Is this wood meant as a metaphor for our world? Something in me rejects that idea, because when God made our world he pronounced it good and invited us to experience it fully. It’s not really “just a sort of in-between kind of place.” It’s where we do our most important becoming.

At the same time, though, this world is, undeniably, an in-between place: between heaven and hell, between time and eternity, between flesh and spirit. When I say “between,” I’m really meaning “both.” In Lewis’s space trilogy, I remember one villain pronouncing humanity a “revolting hybrid”–both spiritual and physical, both temporal and eternal, both limited and free. Our lives include lots of overlapping “betweens” in this sense. Plus, Lewis is a Platonist, as I recall. We live in a shadowland of the more ultimate/ideal/real truths. (Or rather, T- ruths. I think of the chess players at the end of The Great Divorce.) So all of this would back up a reading of the Wood between the Worlds as one way of looking at human life in space and time.

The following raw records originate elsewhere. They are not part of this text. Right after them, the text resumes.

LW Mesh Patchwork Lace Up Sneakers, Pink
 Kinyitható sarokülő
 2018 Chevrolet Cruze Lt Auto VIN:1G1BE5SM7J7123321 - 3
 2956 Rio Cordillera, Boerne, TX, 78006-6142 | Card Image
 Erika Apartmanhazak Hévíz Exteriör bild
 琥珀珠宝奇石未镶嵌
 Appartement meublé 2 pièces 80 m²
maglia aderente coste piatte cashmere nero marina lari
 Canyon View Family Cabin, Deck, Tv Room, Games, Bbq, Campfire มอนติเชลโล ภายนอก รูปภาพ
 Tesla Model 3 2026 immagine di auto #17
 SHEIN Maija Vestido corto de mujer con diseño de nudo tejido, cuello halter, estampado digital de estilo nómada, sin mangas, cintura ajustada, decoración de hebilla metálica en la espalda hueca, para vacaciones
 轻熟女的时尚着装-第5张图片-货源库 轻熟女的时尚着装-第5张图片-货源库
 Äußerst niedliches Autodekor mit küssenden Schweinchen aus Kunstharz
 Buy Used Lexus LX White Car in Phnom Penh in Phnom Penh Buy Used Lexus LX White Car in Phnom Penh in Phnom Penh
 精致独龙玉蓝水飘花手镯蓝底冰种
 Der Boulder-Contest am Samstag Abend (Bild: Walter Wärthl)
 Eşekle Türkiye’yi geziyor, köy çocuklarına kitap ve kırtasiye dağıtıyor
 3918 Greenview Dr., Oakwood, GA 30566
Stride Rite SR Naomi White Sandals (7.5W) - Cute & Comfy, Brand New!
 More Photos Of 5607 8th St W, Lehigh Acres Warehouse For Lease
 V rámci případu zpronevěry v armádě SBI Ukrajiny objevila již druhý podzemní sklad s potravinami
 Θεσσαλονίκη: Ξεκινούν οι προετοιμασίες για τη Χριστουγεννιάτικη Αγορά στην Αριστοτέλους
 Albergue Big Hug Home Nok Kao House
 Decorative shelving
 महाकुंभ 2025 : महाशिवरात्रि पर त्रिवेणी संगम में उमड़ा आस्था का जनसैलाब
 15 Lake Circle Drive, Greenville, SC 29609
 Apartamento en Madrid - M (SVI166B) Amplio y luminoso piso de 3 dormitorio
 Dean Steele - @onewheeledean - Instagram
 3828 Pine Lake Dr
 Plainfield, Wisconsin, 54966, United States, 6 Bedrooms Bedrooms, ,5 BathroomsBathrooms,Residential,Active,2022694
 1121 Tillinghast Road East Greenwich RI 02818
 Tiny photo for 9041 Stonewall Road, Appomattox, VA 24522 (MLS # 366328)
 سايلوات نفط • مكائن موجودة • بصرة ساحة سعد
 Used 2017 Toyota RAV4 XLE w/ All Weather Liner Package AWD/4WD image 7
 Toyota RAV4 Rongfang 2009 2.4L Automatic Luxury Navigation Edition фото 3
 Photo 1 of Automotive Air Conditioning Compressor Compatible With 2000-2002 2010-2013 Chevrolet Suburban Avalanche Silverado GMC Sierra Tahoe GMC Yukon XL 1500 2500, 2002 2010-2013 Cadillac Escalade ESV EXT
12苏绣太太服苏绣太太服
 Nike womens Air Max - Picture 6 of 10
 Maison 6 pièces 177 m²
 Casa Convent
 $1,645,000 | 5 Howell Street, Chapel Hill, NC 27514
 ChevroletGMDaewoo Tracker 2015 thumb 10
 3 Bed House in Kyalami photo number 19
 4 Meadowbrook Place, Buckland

But I don’t know if I want to take it that far. I think for me personally the appeal of the Wood is that it’s a place of reflection. One of the first things that happens is that you forget who you are. The pools themselves are reflective, and their reflectiveness is what you must go through in order to arrive in the worlds of action they lead to. The atmosphere is quiet, drowsy, and extremely alive, though external activity is notably lacking. You can “almost feel the trees drinking the water up,” yet you feel as if you’ve “always been in that place and never been bored although nothing ever happened.” It’s a thinking place. What comes to mind is Haze Moates (right name?) in Flannery O’Connor’s Wise Blood, sitting on the front porch all day long doing nothing, yet telling his friends he’s “too busy” to join them. He’s plenty busy, but it’s all internal. He’s in the Wood. He’s “drinking the water up with his roots.”

Last but not least, you have lots of choices in the Wood between the Worlds. “Why, if we can get back to our own world by jumping into this pool, mightn’t we get somewhere else by jumping into one of the others?” Digory asks. “Supposing there was a world at the bottom of every pool.” There are as many reflective pools as there are books in the library, musical compositions to play, minds to encounter, courses of action to contemplate or embark upon, or poems to write. As long as you take precautions like Polly does, and mark your starting place for safe return, there’s plenty of room to explore and plenty of adventure to be had. As I heard often in college, “All truth is God’s truth.” There’s really nothing to fear, provided you remember that that’s the purpose of the quest–to discover and submit to the truth God reveals. If we lose sight of that, we end up like the intellectual in another of my favorite Lewis books, The Great Divorce. But that’s another pool for another day.